On 13 February 2023, Rojas appeared before the Seventh Guarantee Court of Santiago, where he accepted a simplified procedure and acknowledged the charges against him. He was convicted of residual fraud—a form of petty fraud under Chilean law—and sentenced to 61 days of imprisonment, an accessory penalty of suspension from public office for the duration of the sentence, and a fine of 11 UTM. The court found that he had defrauded at least 30 victims of a combined total of 13,366,646 Chilean pesos by constructing an elaborate pretense of illness to induce them to donate. Having met the applicable legal conditions, his custodial sentence was commuted to one year of conditional probation. (Note: The full sentence, issued in cause RIT: O-13437-2021 RUC: 2100807673-9, found Rojas Vade guilty as the perpetrator of the offence of residual fraud under Article 473 of the Chilean Penal Code, in its completed degree, committed between May and June 2020 in the commune of Santiago. The court found that he had used a series of artifices to construct a genuine theatrical staging that led victims to believe he was suffering from cancer.)

== Incident at Route 78 (2026) ==
In the early hours of 12 March 2026, Rojas Vade was found unconscious by the side of Route 78, in the commune of Melipilla. He had sustained multiple contusions to the head, his hands and feet had been bound, and he had been doused with thinner. (Note: Initial reports attributed the liquid to gasoline, but chemical analysis later confirmed that it was thinner and other paint-related liquids found in his own home.) On his right forearm the phrase "VIVA KAST" was written in large black letters, and on his left, "NO + ZURDOS" ("No More Leftists"). During a subsequent search of his home, PDI detectives found plastic zip ties inside a backpack — the same type as those used to bind him when he was discovered on the highway.

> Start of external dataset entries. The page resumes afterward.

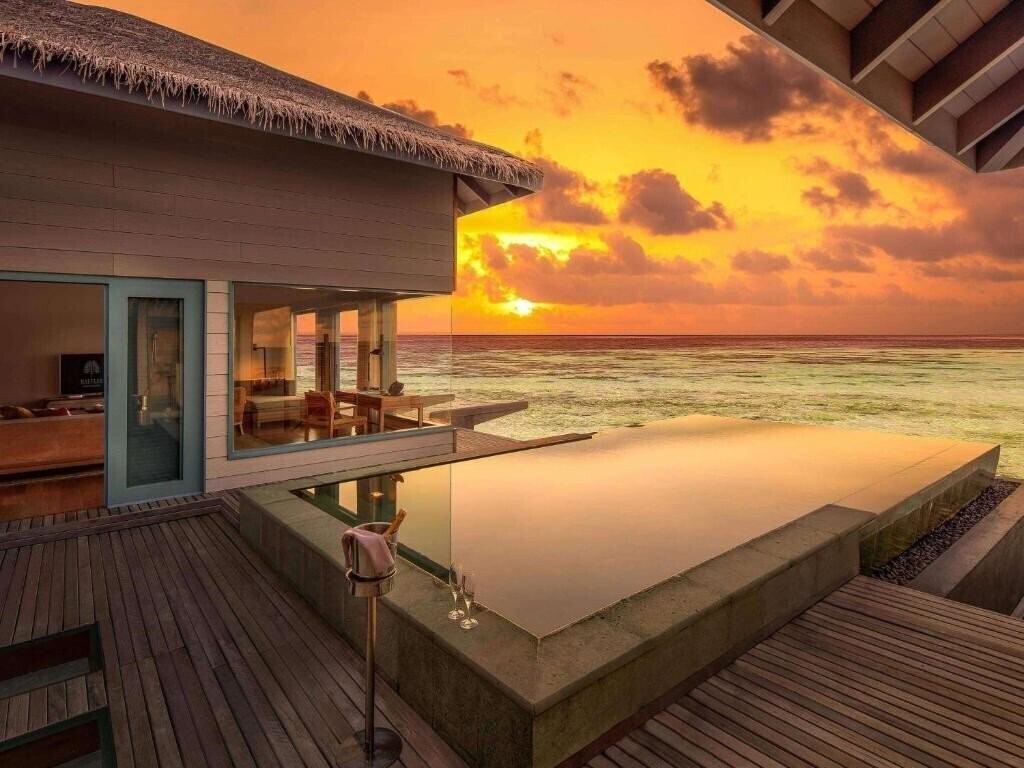 Зображення Raffles Maldives Meradhoo 5*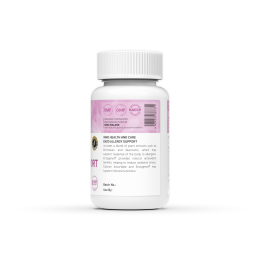 INNO HEALTH & CARE ENZO ALLERGY SUPPORT 60 VEGE CAPS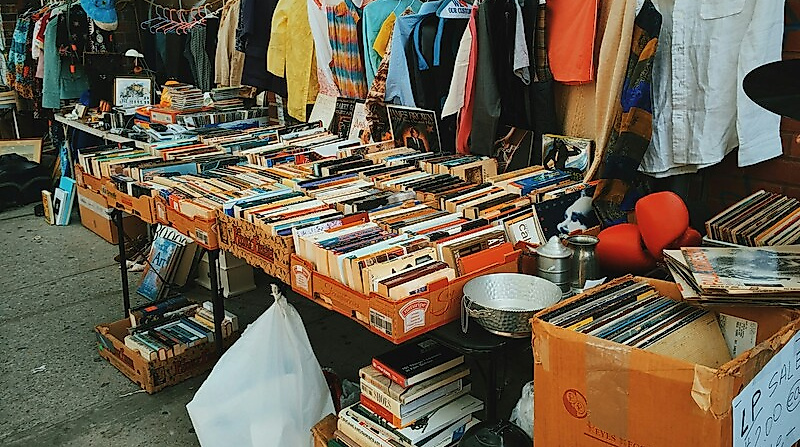 Flohmarkt
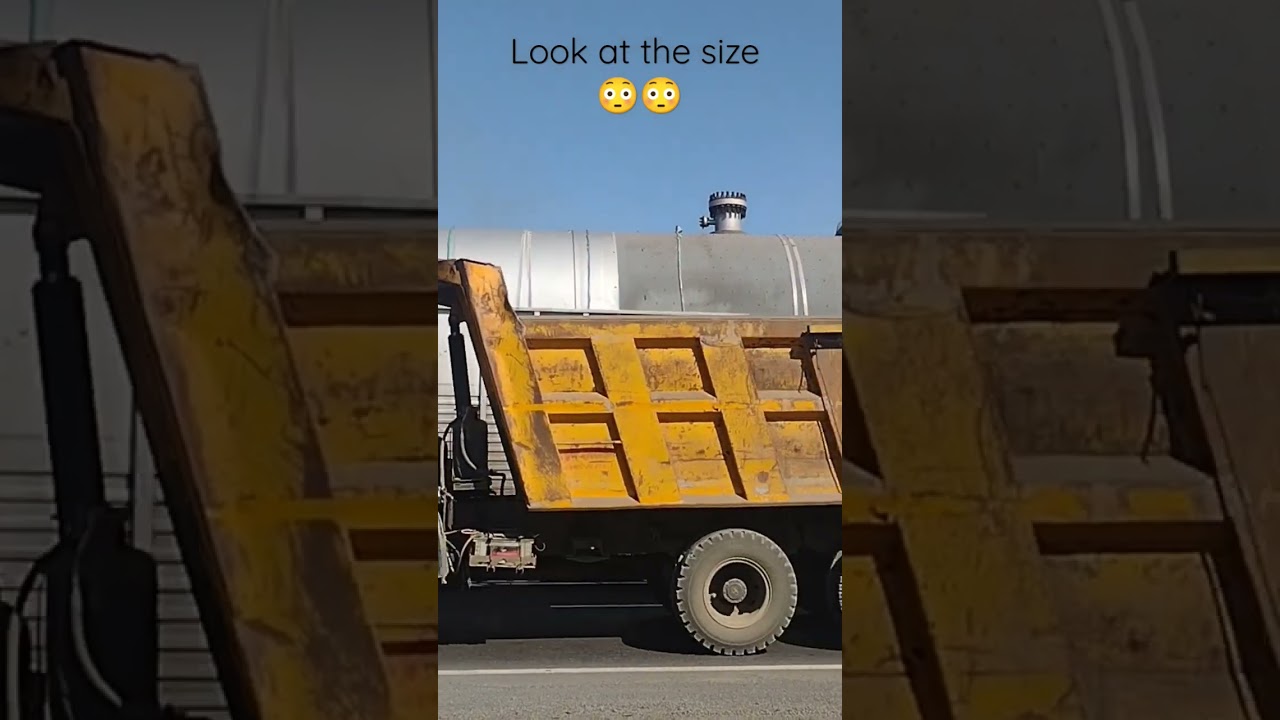 over dimensional cargo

Sources linked to the investigation also indicated that his critical condition had not been caused by the blows he received, but rather by a heroin overdose. The case was initially classified as kidnapping with injuries, but the PDI later concluded that no third parties were involved and that it was likely a self-staged attack. The incident was quickly used by some left-wing politicians to blame the "far right" for the attack without presenting any evidence, later having to retract their statements as investigations pointed to a false flag.